Pragmatists seek to “expose the absolutes” (in ways that
link them to traditional empiricists and later to Derrida’s deconstruction),
and “transform any remaining content—for example, theories or results—into
methods and instruments for further reflection and interpretation, for more
work or play” (Wheeler 78). To the pragmatist, truth for its own sake doesn’t matter if it doesn’t matter to a human.
Pragmatists connect ideas back to people and shoot down ideas that turn out to
not matter.
Those absolute, exposed theories, according to James in his Pragmatism, “become instruments, not
answers to enigmas, in which we can rest. We don’t lie back upon them, we move
forward, and, on occasion, make nature over again by their aid” (31–32).

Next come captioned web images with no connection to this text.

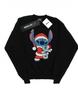 Girls Lilo And Stitch Stitch Christmas Sweatshirt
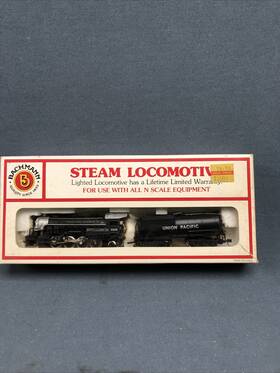 Bachmann 54551 2-8-2 Union Pacific Mikado Locomotive / N Scale Box Look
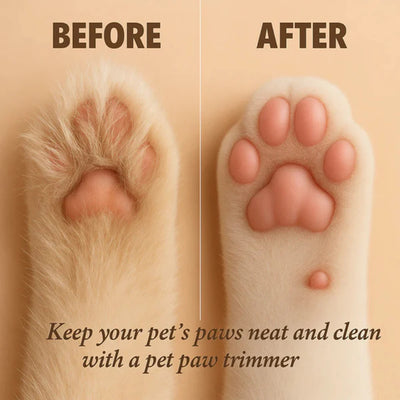 Electric Dog & Cat PAW Trimmer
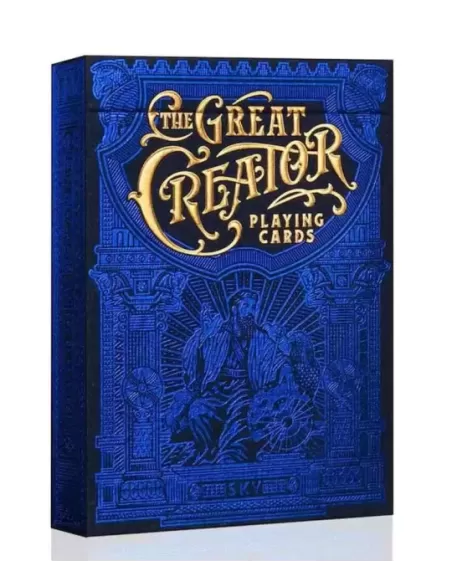 The Great Creator Sky Edition – Cărți de joc premium | Emagie.ro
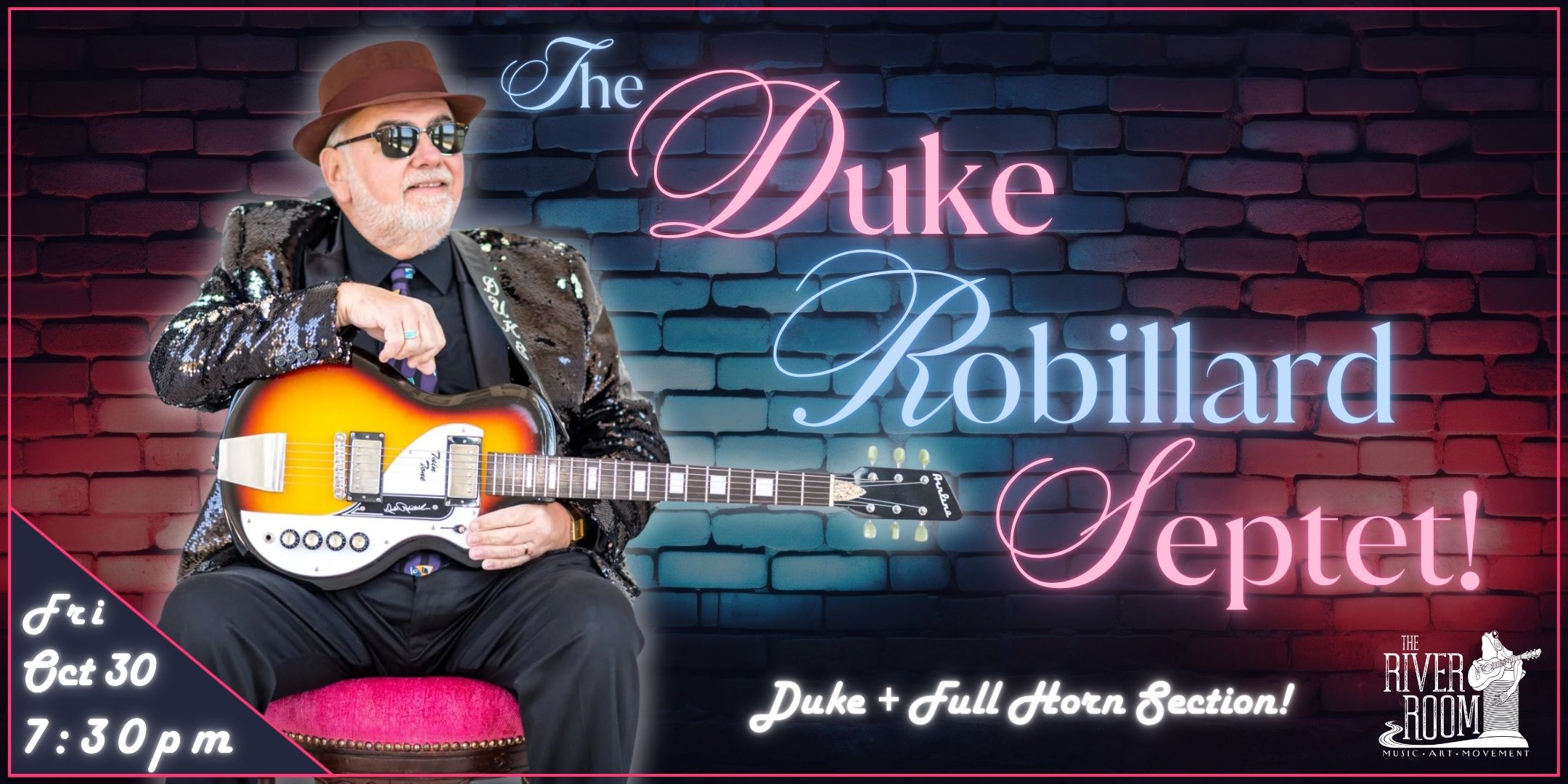 Duke Robillard Septet 10.30.26 EventbriteRRW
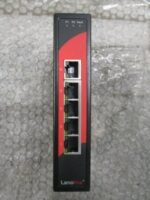Lanolinx LNX-500A Ethernet Industrial Switch 5 Ports Ver. 1.3 12-48VDC *Tested*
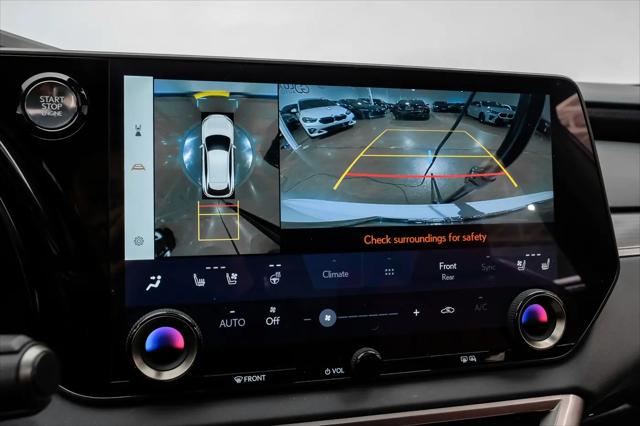 2024 Lexus RX 350 F SPORT Handling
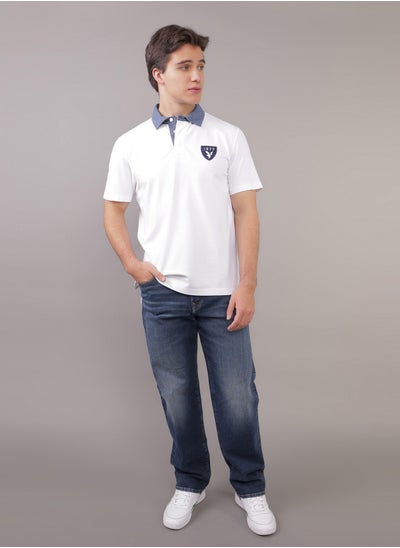 Buy AE Flex Pique Rugby Polo Shirt in UAE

Ironically, the school of pragmatic philosophy is not very pragmatic itself. That is, the
theory is only understood through interpretation of inflated and abstract
thought. But it can be solidly linked to
more specific literary theories, like Romanticism and Deconstruction,
because all “three movements have all acted as various reactions against the
extreme rationalist systems of philosophical and literary predecessors in each
century” (Wheeler xi).
Practical Criticism
Practical Criticism is a little more applicable, especially
as a literary theory. It started with T.S. Eliot’s emphasis on the poem as its
own thing, disconnected from author, time period, context, etc. A Cambridge
literary scholar named I.A. Richards took Eliot’s concept and ran with it in a
work called Practical Criticism,
published in 1924. “In a still fascinating experiment Richards withheld all
extra-textual information…and asked students to respond to poems that were thus
completely stripped of their context… We are now so familiar with this that it
is difficult to imagine how revolutionary Richards’s experiment once was”
(Bertens 15).
Richards primarily focused his criticism on poetry, partly
because he, like Matthew Arnold, saw poetry as the cure for human disconnection
in the modern world. But practical criticism can be (and is, in many college
English classrooms) applied to any type of literary text. Bertens explains some
of the theory’s benefits: “Because of this exclusively textual orientation, it
was an ideal programme for teasing out
all the opposites—thoughts versus feeling, seriousness versus high spirits,
resignation versus anger, and so on—that for Richards (following Eliot) were
reconciled and transcended in poetry, often through the use of irony” (17).
Application to Awe
There are quite a few ways to tie each of these theories to
awe. The pragmatism project might praise the study of awe because it can pass
its test of practical consequences. Rather than solely existing as an abstract
theory, awe is something humans feel and “experience” (loaded word for
pragmatists), and thereby awe matters.
James would not, of course, passively “lie back” on awe, but awe could be a
pragmatic enough concept that he could make nature over again with its aid. We
might all go about making nature over
again with awe.
On the more expressly literary note, the reader’s sense of
awe could be enhanced by the method of practical criticism. The strong
opposites that Bertens lists above can each be awesome emotions that would
likely be put into focus as the poem (or other awe-inspiring text) was examined
on its own. Also, there seems to be some opposition between the terror of awe
and the elation of awe that could be better understood through the practical
criticism lens. For example, if a poem inspired terror, its reader could
analyze that poem using practical criticism to shed light on that terror and
its opposing emotion.
Application to
Literature
Obviously, this all applies quite well to my research on Awe
vs. Pragmatism. By confirming and better understanding pragmatism as a
philosophical school of thought, I have found a space where awe and pragmatism coexist quite peacefully. Awe
stands up to the philosophically pragmatic mind because awe passes the
pragmatist’s test of connection to humans/the real world/non-abstractness. Although
awe is abstract and is frequently discussed as such, it is readily tied back to
human emotion and generally impacts humans for good.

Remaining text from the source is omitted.